• What you are asked to do: Print every entry exactly once more, omitting each picture.

• Study material:
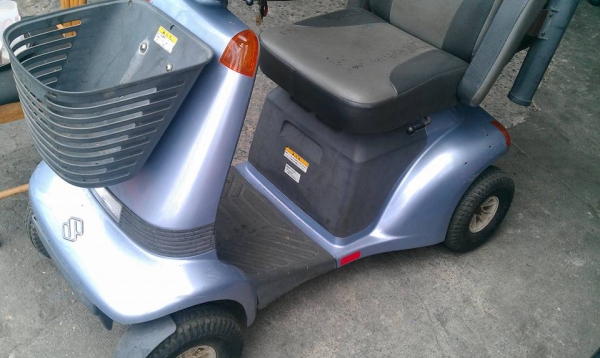 ขายรถไฟฟ้าวิลแชร์4ล้อ suzuki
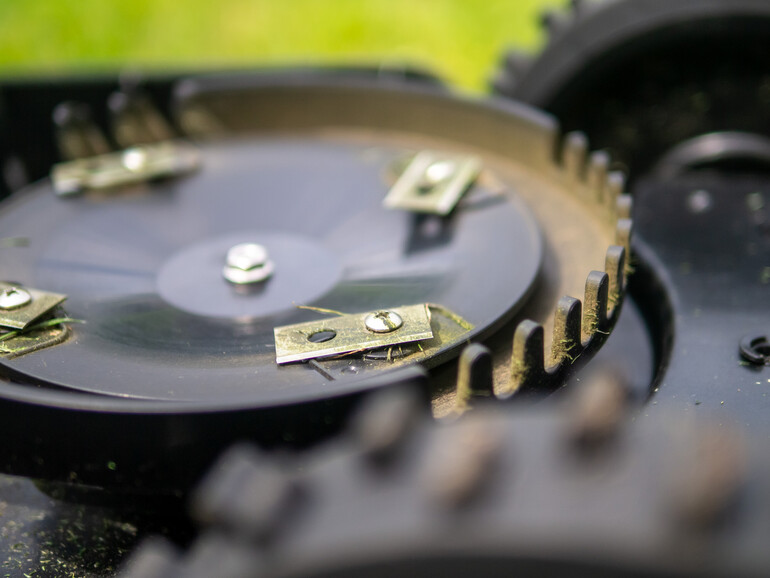 Die Schneidemesser sehen aus wie dicke Rasiermesser.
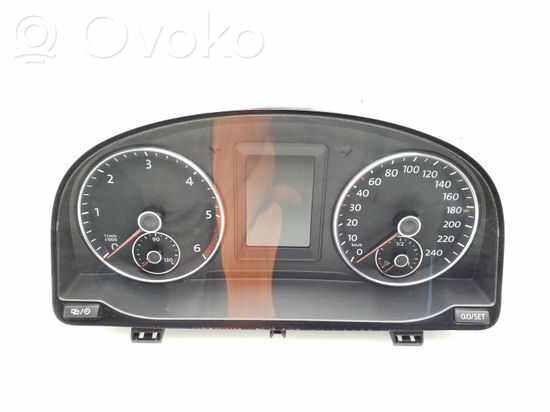 Volkswagen Touran II Speedometer (instrument cluster) 1T0920875AX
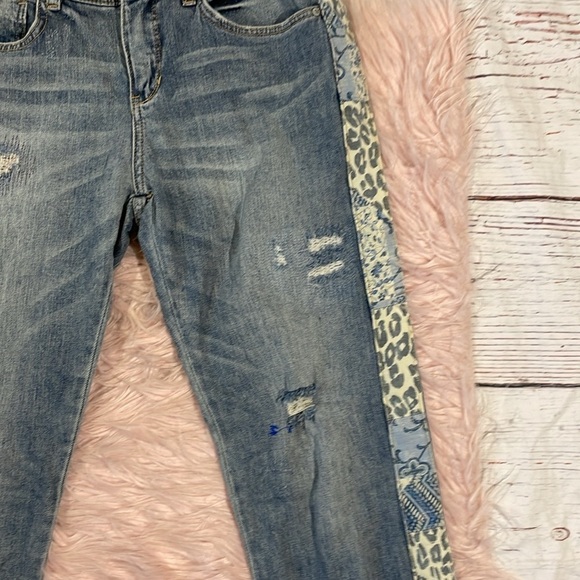 Anthropologie Pilcro Leopard Side Stripe Distressed Denim Boyfriend Jeans - Picture 10 of 11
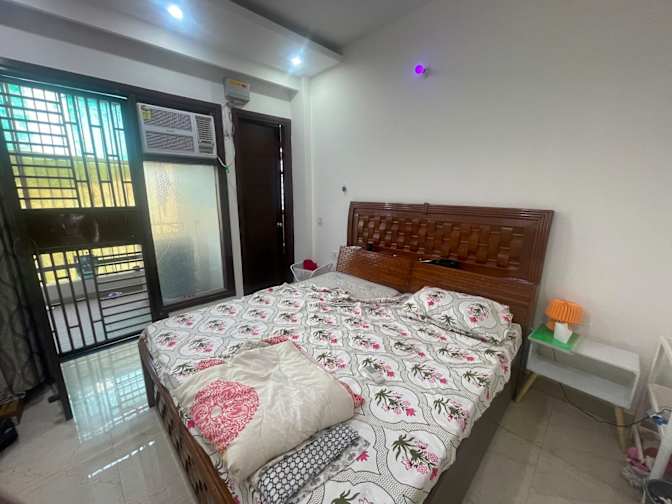 Divyanshi's room
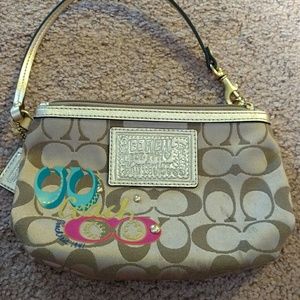 Coach large Wristlet poppy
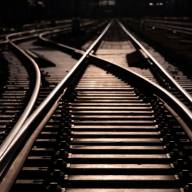 Tehervonat gázolt halálra egy embert Almásfüzitő és Komárom között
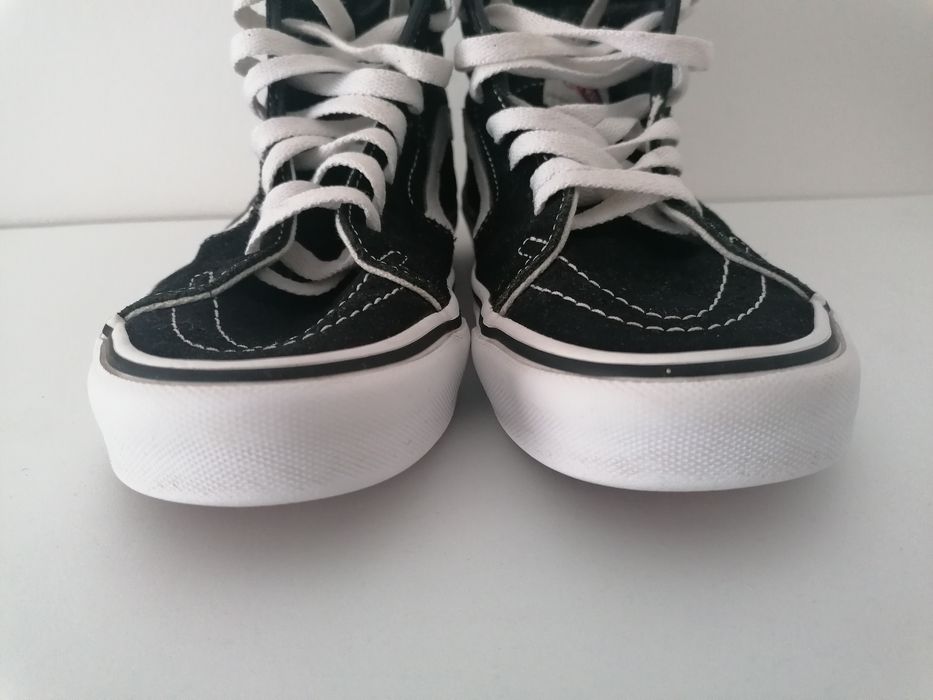 Sapatilhas Vans Sk8-Hi preto branco, Eur 35.0

Tamanho Eur 3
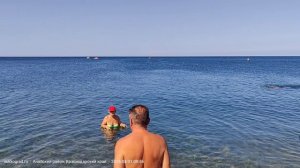 🌊 Сукко: штиль, прозрачная вода — и загадка красного флага!☀️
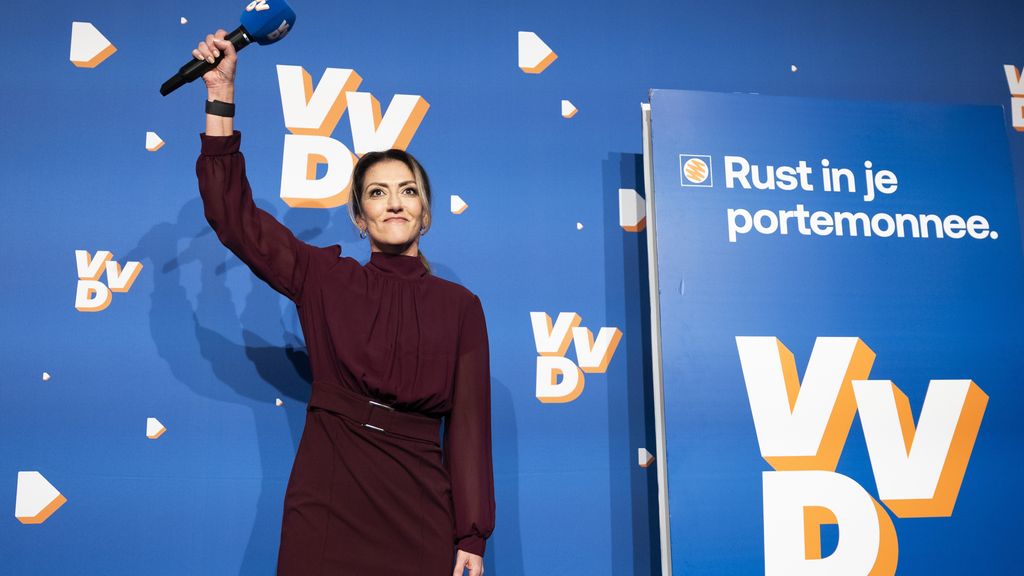 VVD heeft financiële problemen en overweegt verplichte afdracht voor politici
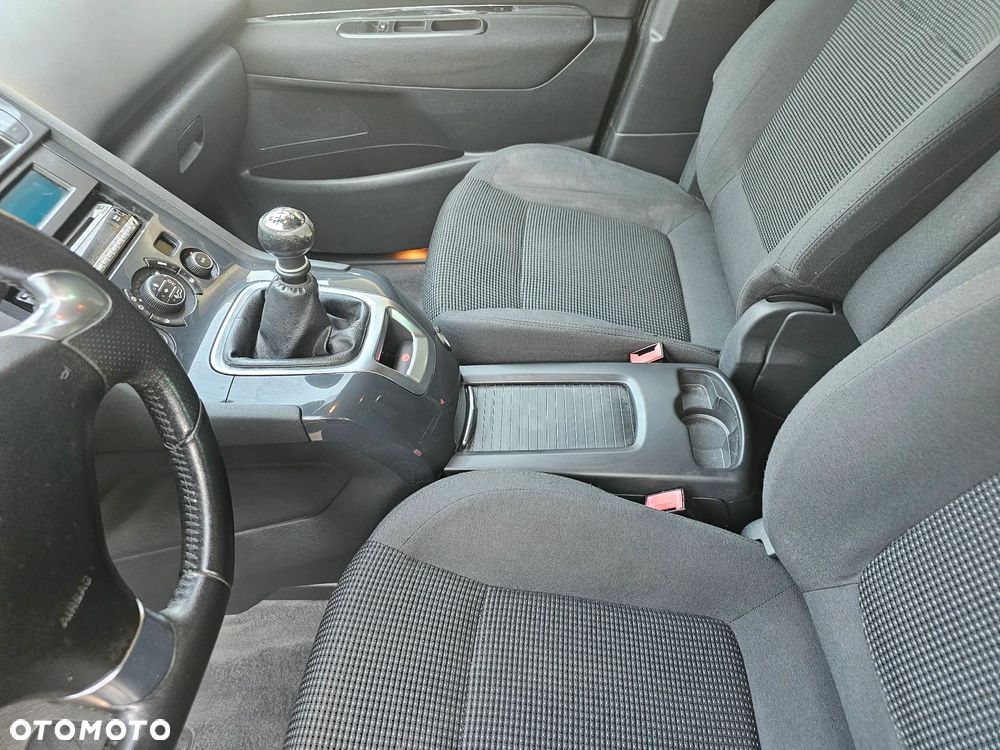 Peugeot 5008 - 21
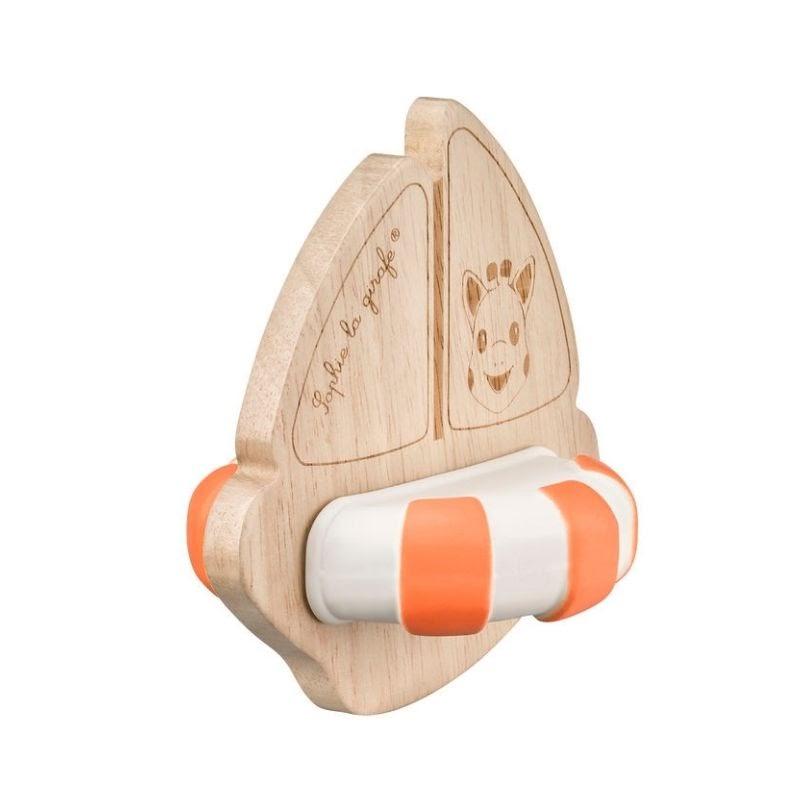 Lilla båt i gummi och trä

• Response to the exercise:
 ขายรถไฟฟ้าวิลแชร์4ล้อ suzuki
 Die Schneidemesser sehen aus wie dicke Rasiermesser.
 Volkswagen Touran II Speedometer (instrument cluster) 1T0920875AX
 Anthropologie Pilcro Leopard Side Stripe Distressed Denim Boyfriend Jeans - Picture 10 of 11
 Divyanshi's room
 Coach large Wristlet poppy
 Tehervonat gázolt halálra egy embert Almásfüzitő és Komárom között
 Sapatilhas Vans Sk8-Hi preto branco, Eur 35.0

Tamanho Eur 3
 🌊 Сукко: штиль, прозрачная вода — и загадка красного флага!☀️
 VVD heeft financiële problemen en overweegt verplichte afdracht voor politici
 Peugeot 5008 - 21
 Lilla båt i gummi och trä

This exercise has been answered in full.